Polisi Ungkap Sindikat Tekfin Ilegal di Ruko Pluit Village
Polisi mengungkap sindikat usaha pinjaman daring ilegal di sebuah ruko kawasan Pluit Village, Penjaringan, Jakarta Utara, yang kerap memasang bunga tinggi dan menagih uang secara paksa kepada nasabah.
Oleh
Aditya Diveranta
·3 menit baca
JAKARTA, KOMPAS — Polisi mengungkap sindikat usaha pinjaman daring ilegal di sebuah ruko kawasan Pluit Village, Penjaringan, Jakarta Utara, yang kerap memasang bunga tinggi dan menagih uang secara paksa kepada nasabah. Sindikat yang bergerak di bidang teknologi finansial atau tekfin itu selama ini bersembunyi dan kerap berganti nama untuk mengelabui pihak berwajib.
Dalam penangkapan yang dilakukan pada Senin (23/12/2019), polisi menetapkan tiga tersangka, yakni seorang warga negara China bernama Li serta dua warga Indonesia berinisial DS dan AR. Kepala Polres Metro Jakarta Utara Komisaris Besar Budhi Herdi Susianto mengatakan, ketiga tersangka dianggap sebagai pihak yang beraksi berkaitan dengan pemerasan dan pengancaman melalui media elektronik.
Budhi menjelaskan, sindikat tekfin yang terdiri atas dua perusahaan, yakni PT Barracuda Fintech dan PT Vega Data, berganti nama hampir sepuluh kali sejak beroperasi pada 2018. Dalam bisnis tersebut, kedua perusahaan menjalankan masing-masing fungsi sebagai pembuat aplikasi dan penagihan, sedangkan yang satu lagi sebagai pihak pendata nasabah.
”Jadi, selama setahun ini mereka sempat berganti nama hingga sepuluh kali, mulai dari Gagahijau, Uangberes, hingga Dompetkartu. Ketika berganti nama, salah satu perusahaan itu menyalin data nasabah ke nama aplikasi tekfin yang baru. Saat kami telusuri, seluruh nama tekfin, berikut perusahaan mereka tidak ada yang terdaftar di lembaga Otoritas Jasa Keuangan,” kata Budhi dalam konferensi pers, Senin.

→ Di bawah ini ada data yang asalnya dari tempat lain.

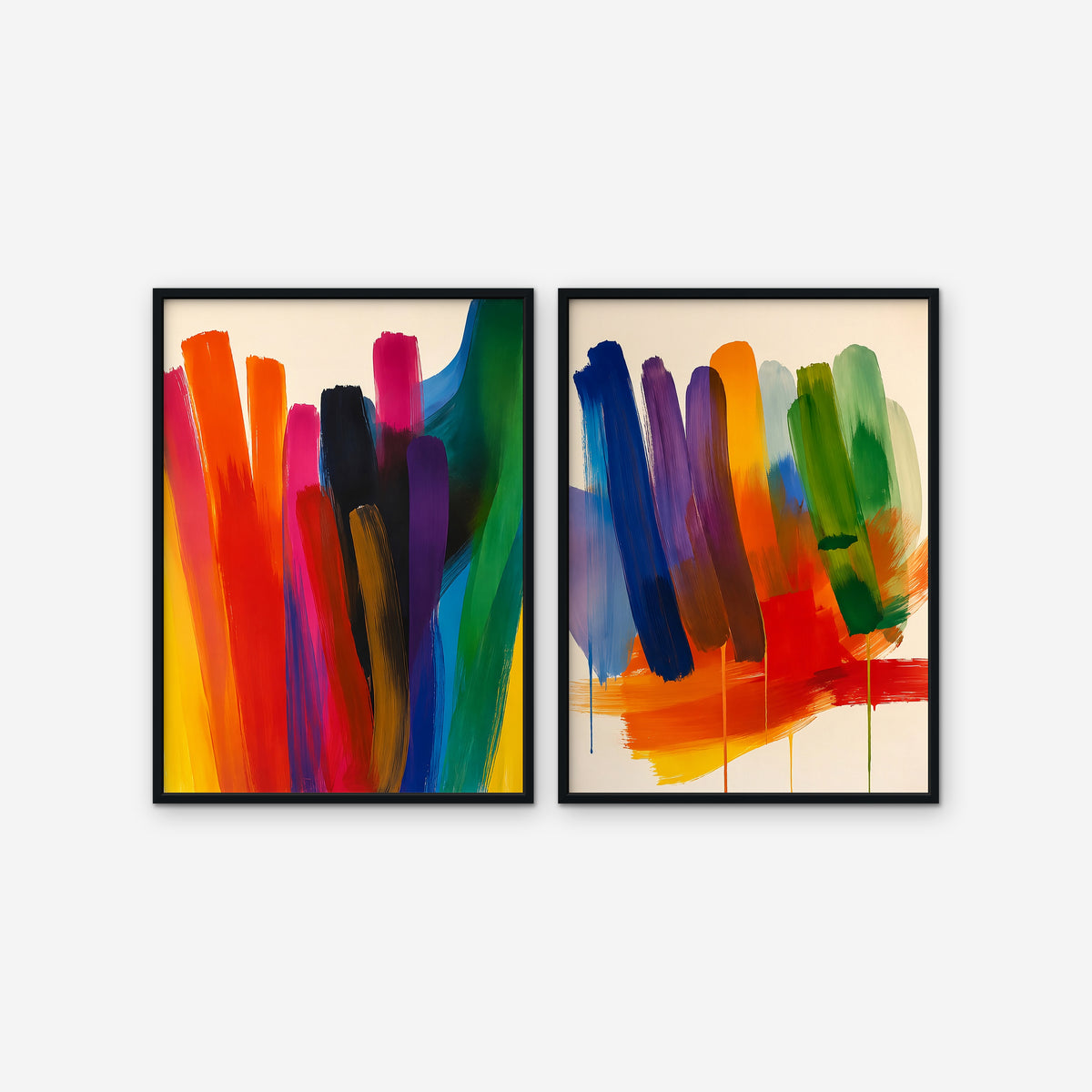 Rainbow Brushstrokes Canvas Art – set of 2 vertical multicolor brushstroke abstract prints in a black floating frame on a white background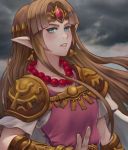  1girl blonde_hair blue_eyes cloud dress earrings gown jewelry kaejunni long_hair looking_at_viewer nintendo pointy_ears princess_zelda smile solo super_smash_bros. super_smash_bros._ultimate the_legend_of_zelda the_legend_of_zelda:_a_link_between_worlds tiara triforce 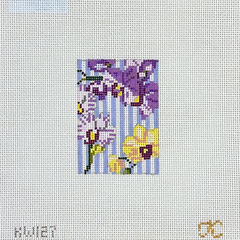 The Gingham Stitchery Kate Woodward Orchid Luggage Tag Needlepoint Canvas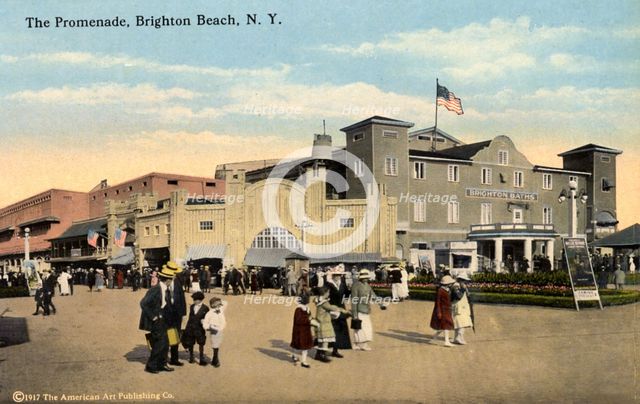 The Promenade, Brighton Beach, New York, 1916. Artist: Unknown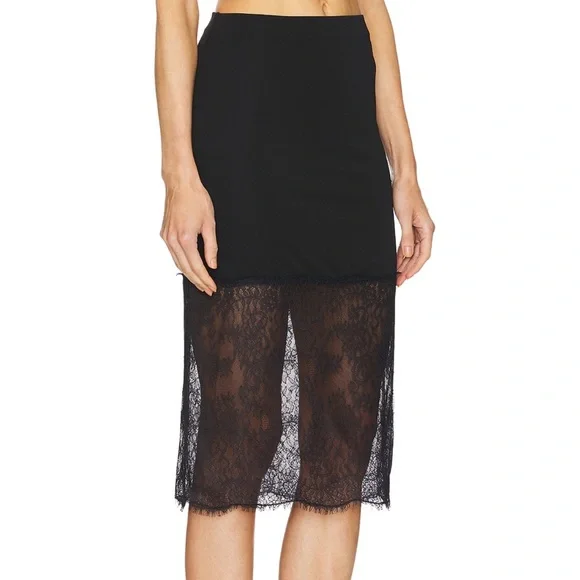 L'Academie Black Cut Out Pencil Skirt - Picture 2 of 5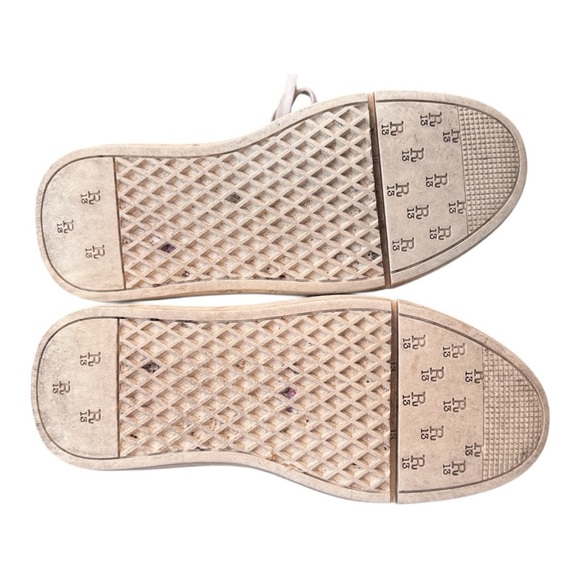 R13 Platform High Top Sneaker Black Canvas Distressed Lace-Up Zip Back – Size 8 - Picture 5 of 7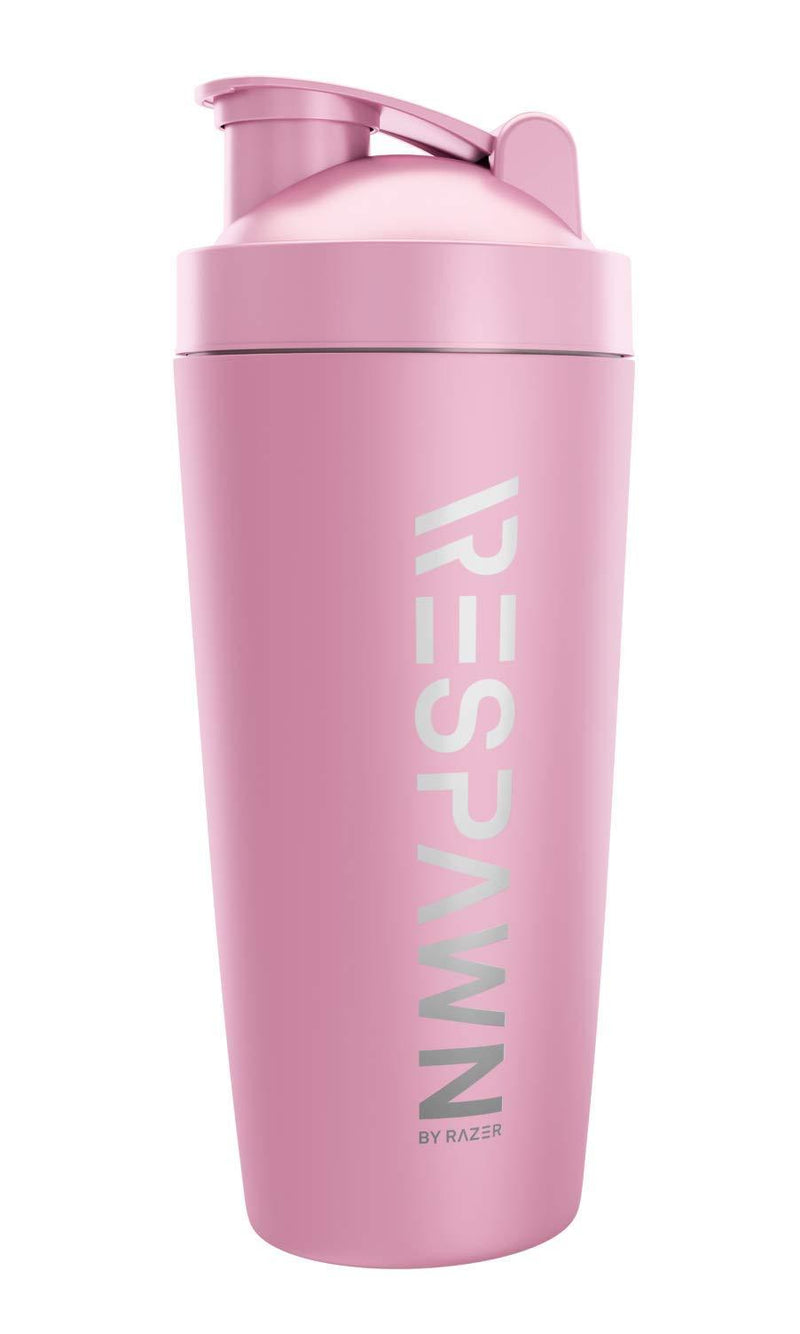 NewNest Australia - RESPAWN by Razer Vacuum-Insulated Stainless Steel Shaker Cup, 20oz: Built-In Powdered Drink Mixer Grate - Dual Insulation - Dishwasher Safe - BPA Free - Pink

Menurut Kepala Unit Kriminal Khusus Polres Metro Jakarta Utara Inspektur Satu Dharma Adi Waluyo, sindikat tekfin ini mulanya menjaring pelanggan dari SMS iklan yang dikirim secara acak. Dari situ, pelanggan yang berminat akan dikirimi tautan untuk mengunduh aplikasi.
”Setelah mengunduh aplikasi, pelanggan diminta mengisi informasi yang syaratnya boleh diakses oleh pihak pengelola. Aplikasi yang ditawarkan ini tidak ada dalam penyedia aplikasi konvensional seperti Playstore atau sejenisnya,” ujarnya.
Jadi, selama setahun ini mereka sempat berganti nama hingga 10 kali, mulai dari Gagahijau, Uangberes, hingga Dompetkartu. Ketika berganti nama, salah satu perusahaan itu menyalin data nasabah ke nama aplikasi tekfin yang baru
Dari akses aplikasi itu, perusahaan mendapat data pribadi pelanggan. Jika terlambat mengembalikan pinjaman, perusahaan melalui seorang petugas akan meneror pelanggan lewat telepon untuk menagih uang. Tidak hanya itu, mereka juga akan meneror kerabat dekat lewat telepon jika tidak kunjung mengembalikan pinjaman.
Dengan batas pinjaman mulai Rp 500.000 hingga Rp 2,5 juta, pelanggan dibebani bunga senilai Rp 50.000 setiap hari. Selagi pinjaman bunga terus naik, petugas kolektor akan menelepon setiap hari dengan mengucap kata-kata kasar kepada si pelanggan.
DS, salah satu tersangka yang menjadi pemimpin petugas kolektor, menyebut dirinya kerap mengatai pelanggan dengan sebutan ”anjing” dan ”setan”. Hal tersebut dilakukan kepada ratusan pelanggan yang telat membayar setiap hari.
Budhi menyampaikan, kegiatan usaha tekfin ini bermasalah karena melakukan aksi pengancaman, penyebaran fitnah melalui sarana elektronik, dan tindak pidana perlindungan konsumen. ”Ada hampir 500.000 nasabah yang tercatat melakukan pinjaman sejak 2018. Aksi kejahatan ini mereka lakukan kepada hampir semua pelanggan mereka,” kata Budhi.
Atas kejahatan tersebut, polisi menyita barang bukti berupa 100 unit komputer, 3 unit laptop, 10 ponsel, akta pendirian perusahaan, buku rekening bank, 18 kartu sim ponsel, serta 18 kartu identitas karyawan. Polisi juga masih menyelidiki dua warga negara China yang masih buron.
Budhi mengatakan, para tersangka terancam penjara paling lama lima tahun. Hal ini sesuai dengan Undang-Undang Nomor 19 tentang Informasi Transaksi Elektronik (ITE), Pasal 368 juncto Pasal 310 juncto Pasal Kitab Hukum Undang-undang Pidana, serta Undang-Undang nomor 8 Tahun 1999 tentang Perlindungan Konsumen.